Task statement: Print only the lines from the one with "Bonobos Slim Fit" through the end of the data, exactly, and please omit pictures.

Dataset extract:
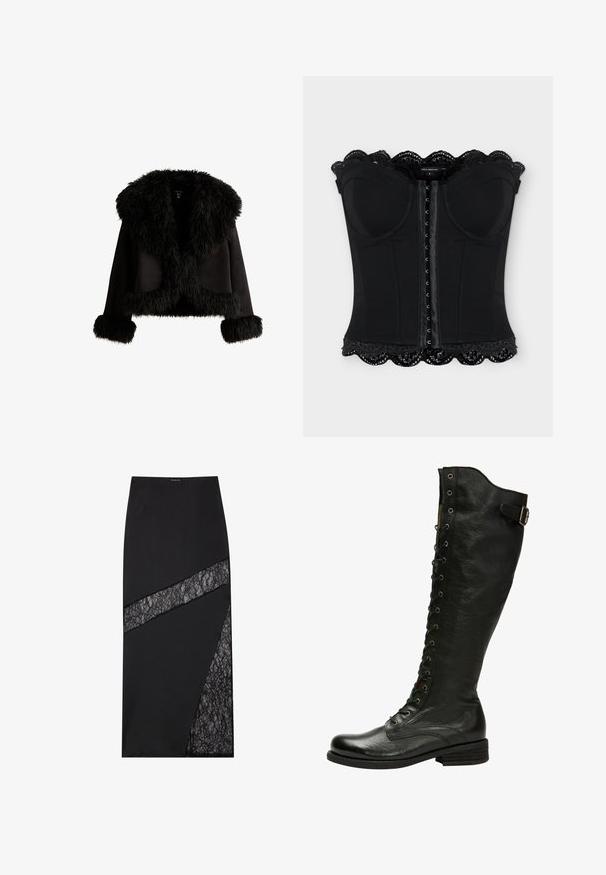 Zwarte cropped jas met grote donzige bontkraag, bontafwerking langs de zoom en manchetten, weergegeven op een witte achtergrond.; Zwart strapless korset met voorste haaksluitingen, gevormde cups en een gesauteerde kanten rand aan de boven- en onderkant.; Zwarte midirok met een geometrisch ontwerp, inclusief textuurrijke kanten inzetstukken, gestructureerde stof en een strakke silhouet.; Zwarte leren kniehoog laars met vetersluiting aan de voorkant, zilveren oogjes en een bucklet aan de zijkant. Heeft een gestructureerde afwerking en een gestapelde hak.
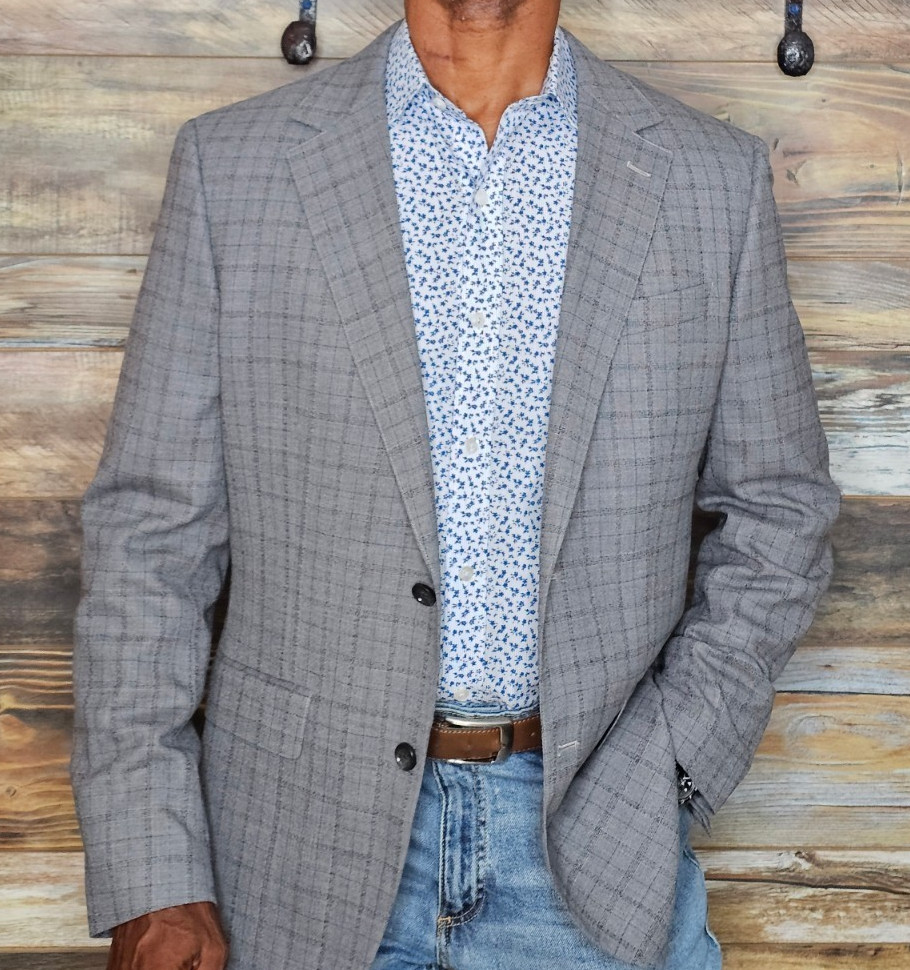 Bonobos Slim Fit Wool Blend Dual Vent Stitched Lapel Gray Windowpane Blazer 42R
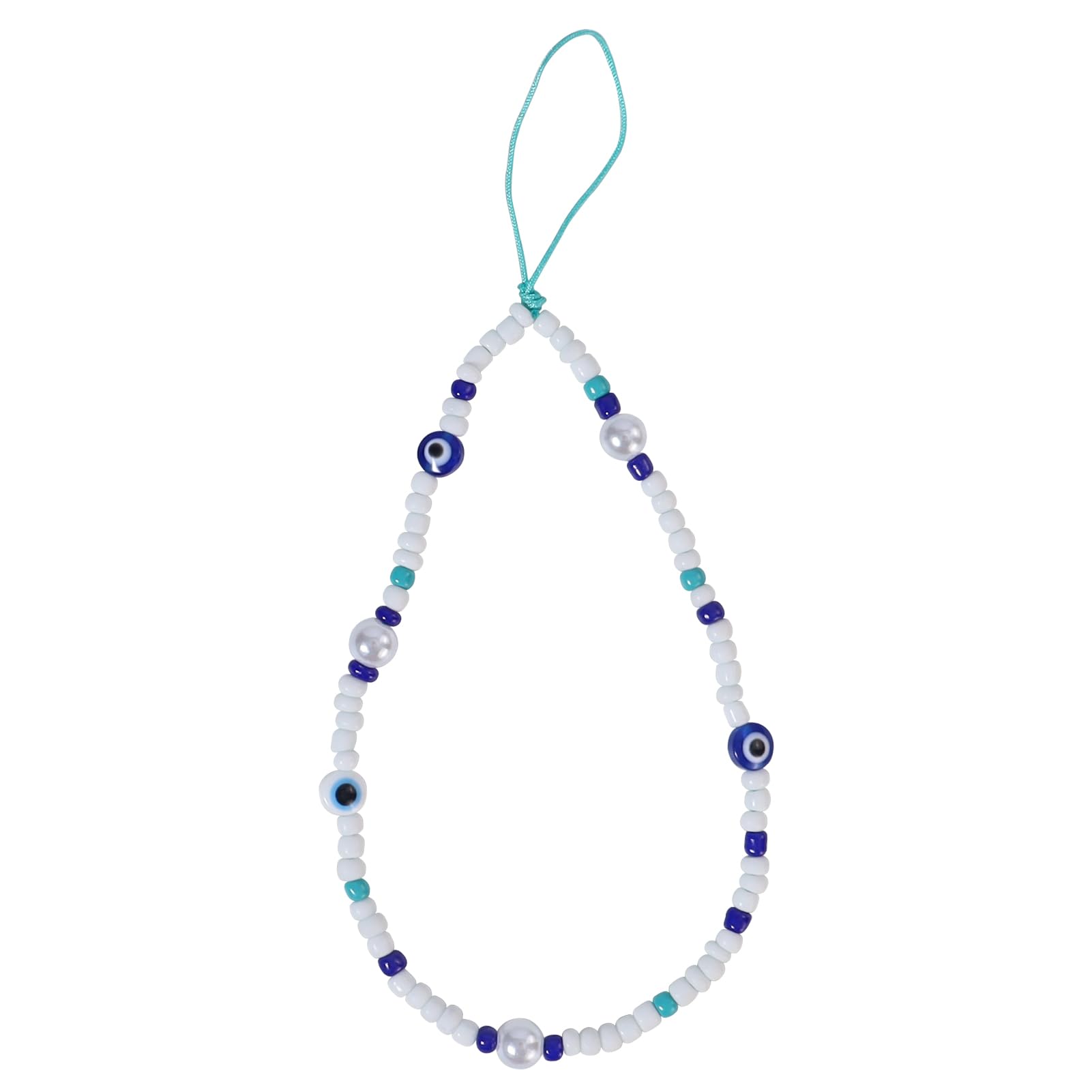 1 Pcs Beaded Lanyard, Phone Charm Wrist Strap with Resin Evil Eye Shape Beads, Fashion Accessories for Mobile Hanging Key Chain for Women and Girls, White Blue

Written reply:
 Bonobos Slim Fit Wool Blend Dual Vent Stitched Lapel Gray Windowpane Blazer 42R
 1 Pcs Beaded Lanyard, Phone Charm Wrist Strap with Resin Evil Eye Shape Beads, Fashion Accessories for Mobile Hanging Key Chain for Women and Girls, White Blue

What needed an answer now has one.